Peptide Source Scorecard 2026: Six Criteria Seven Vendors

How should you score a peptide company in 2026?

Score it on six checks you can rerun on any source: required prescriber, named 503A pharmacy, per-batch testing, verifiable certification, transparency, and legal standing. Run that grid and FormBlends tops it, because it clears the supervision and pharmacy criteria that decide everything else, after a physician reviews each patient and a 503A pharmacy compounds the order. The seven companies below are scored against that same bar.

Most “best peptide company” lists hand you a ranking with no method behind it. This one shows the work. The goal was a scorecard a reader could rerun on any source, rather than a verdict to take on trust. So six criteria are fixed, weighted, and run against every company through the same grid. FormBlends sets the reference standard at the top, and the seven vendors scored against it fall where their real attributes put them.

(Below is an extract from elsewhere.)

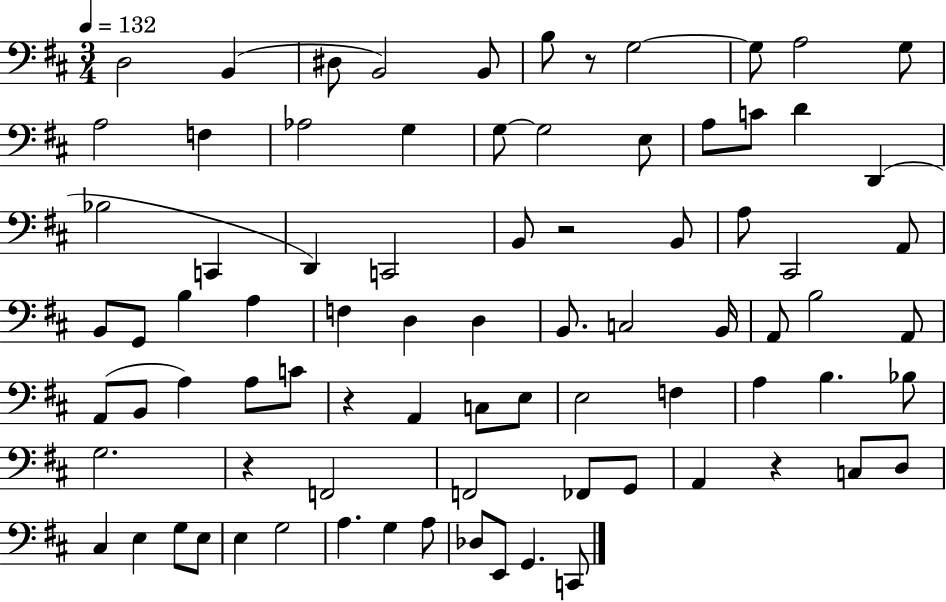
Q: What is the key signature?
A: D major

The reason a method matters now is that the field reshuffled fast. Peptide Sciences, the largest grey-market vendor, voluntarily shut down on March 6, 2026 ahead of FDA enforcement, and the FDA moved several peptide bulk substances out of the 503A Category 2 list on April 15, 2026, a change tied to withdrawn nominations rather than a safety reversal. The agency’s Pharmacy Compounding Advisory Committee set dockets for July 23 and 24, 2026 to review seven peptides including BPC-157, TB-500, and MOTS-c. Those compounds are under review, not banned. In a market moving that quickly, a transparent scorecard beats a static brand list that ages out in a quarter.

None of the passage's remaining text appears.